DATA IN THIS EXERCISE below:
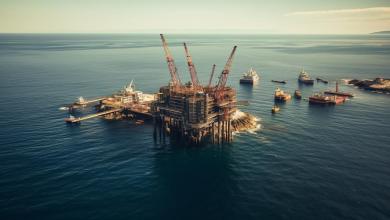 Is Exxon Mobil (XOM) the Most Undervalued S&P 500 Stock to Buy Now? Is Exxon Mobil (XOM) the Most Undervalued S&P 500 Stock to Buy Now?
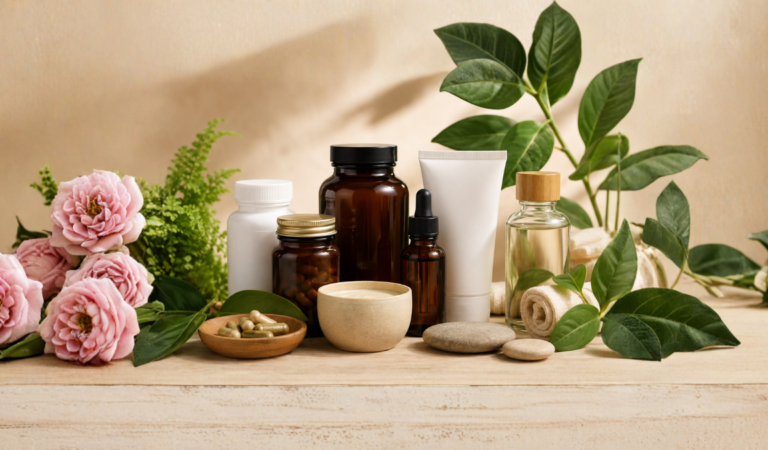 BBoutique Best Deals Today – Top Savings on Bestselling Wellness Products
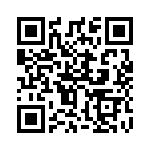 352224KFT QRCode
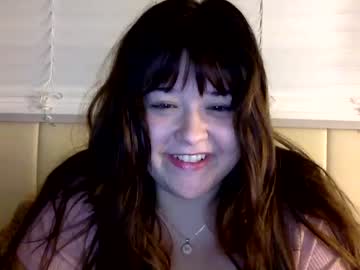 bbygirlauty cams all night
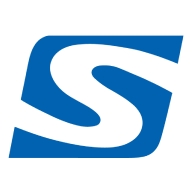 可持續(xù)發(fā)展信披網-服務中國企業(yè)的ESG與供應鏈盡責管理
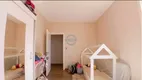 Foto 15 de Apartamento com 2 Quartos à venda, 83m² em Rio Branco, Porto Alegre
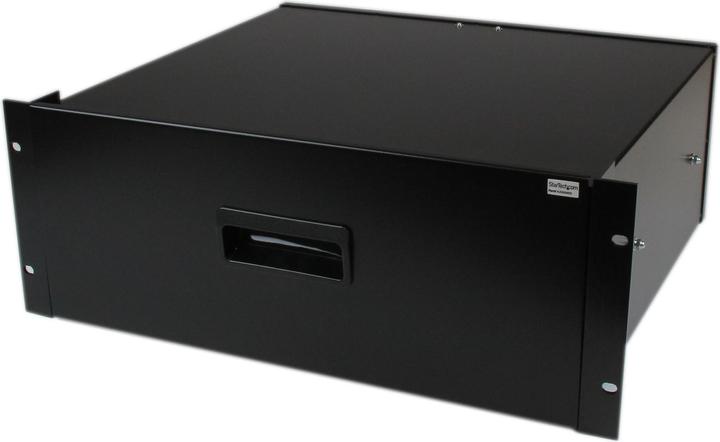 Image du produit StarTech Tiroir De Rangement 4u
End of DATA IN THIS EXERCISE.
DATA IN THIS EXERCISE below:
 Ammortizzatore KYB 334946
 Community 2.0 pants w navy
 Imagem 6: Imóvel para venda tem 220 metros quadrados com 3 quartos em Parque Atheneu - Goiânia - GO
End of DATA IN THIS EXERCISE.
§ **WHAT THIS TASK INVOLVES**:
Only the lines above from the line with "Community 2.0 pants w navy" to the line with "Imagem 6: Imóvel", those two lines included, should be reproduced exactly.

§ **OUTPUT OF THE TASK**:
 Community 2.0 pants w navy
 Imagem 6: Imóvel para venda tem 220 metros quadrados com 3 quartos em Parque Atheneu - Goiânia - GO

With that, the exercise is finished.